Keajaiban Di Tengah Perang, Wanita Gaza Lahirkan 4 Bayi Kembar

Di tengah pertempuran sengit antara Israel dan pejuang Hamas, keajiban selalu terjadi di Gaza, mulai dari munculnya pasukan berjubah putih yang membatu para pejuang sampai pada munculnya ikan-ikan terdampar di pantai gaza, semua itu diyakini banyak orang bukan hal biasa tanpa adanya campur tangan yang maha kuasa.

Kabar terbaru seorang wanita Gaza melahirkan 4 bayi kembar ditengah perang yang sedang berkecamuk, bahkan peristiwa ini terbilang ajaib mengingat wanita tersebut selama 5 tahun terakhir sangat mendambakan seorang anak dan menjalani berbagai terapi agar memiliki keturunan.

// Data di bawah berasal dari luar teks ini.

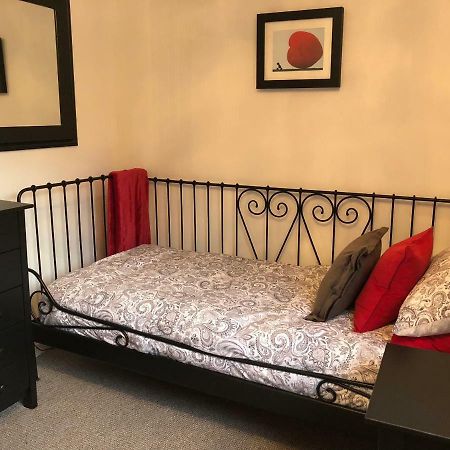 1 Silkin Serviced Accommodation Newton Aycliffe Exteriér fotografie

Tidak disangka sebelumnya ternyata Allah memiliki rencana lain, setelah 5 tahun menunggu untuk mempunyai keturunan, akhir ditengah perang ia melahirkan 4 orang bayi sekaligus.

Ke- 4 bayi kembar tersebut diunggah ke dunia maya oleh Dr Bassel Abu Warda, ia adalah seorang dokter di Rumah Sakit Al-Shifa yaitu sebuah RS yang beberapa waktu lalu terkena tembakan Israel dan melukai beberapa orang didalamnya.

Dokter yang biasa menangani korban perang tersebut mengatakan bahwa ditengan penderitaan ada kebahagiaan

“Di tengah penderitaan, seorang ibu Palestina melahirkan bayi kembar empat tadi malam ,” kata Dr Abuwarda.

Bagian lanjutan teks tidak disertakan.